Data under study =
##############################
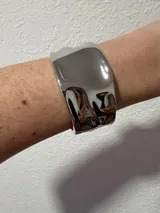 Brazalete rígido de diseño ancho y superficie lisa con efecto metálico pulido y acabado irregular.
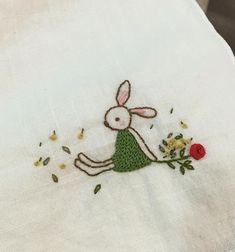 an embroidered rabbit sitting on top of a white table cloth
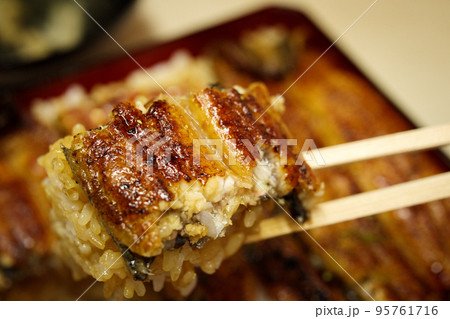 老舗の鰻重大盛（箸持ちアップ） 95761716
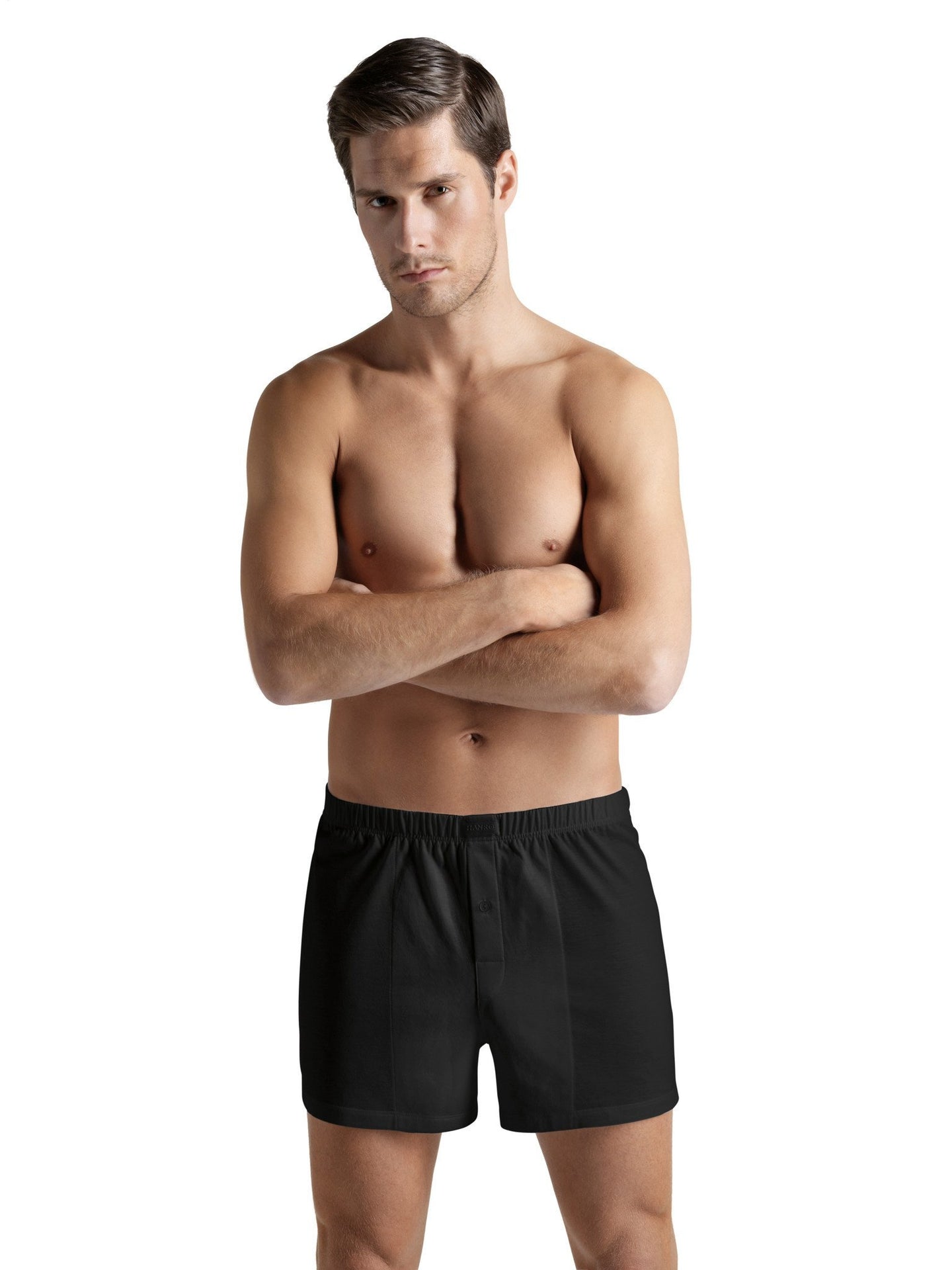 100% Pure Cotton loose fitting boxer shorts with buttoned fly.  Available in Black, Midnight Navy and White.   Fabric Content: 100% Mercerised Cotton. Made in Europe.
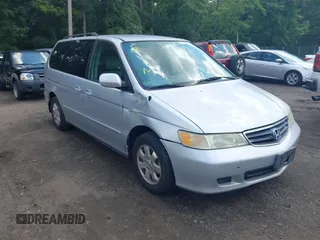 2004 Honda Odyssey EX-L with VIN 5FNRL18094B007447, listed as a IAAI auction lot 42725731 with 247,849 mi miles and . Bid and sale history available at DreamBid. Image 1.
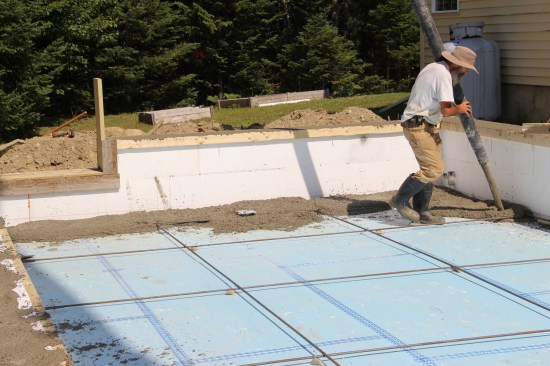 With the slab, I went around the edge and placed a foot-wide ledge of concrete before filling in the rest.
##############################
Required action = Exactly reproduce the lines above, starting at the one that contains "an embroidered rabbit" and ending at the one that contains "100% Pure Cotton", both inclusive; leave the pictures out and add no other lines.

Result of the task =
 an embroidered rabbit sitting on top of a white table cloth
 老舗の鰻重大盛（箸持ちアップ） 95761716
 100% Pure Cotton loose fitting boxer shorts with buttoned fly.  Available in Black, Midnight Navy and White.   Fabric Content: 100% Mercerised Cotton. Made in Europe.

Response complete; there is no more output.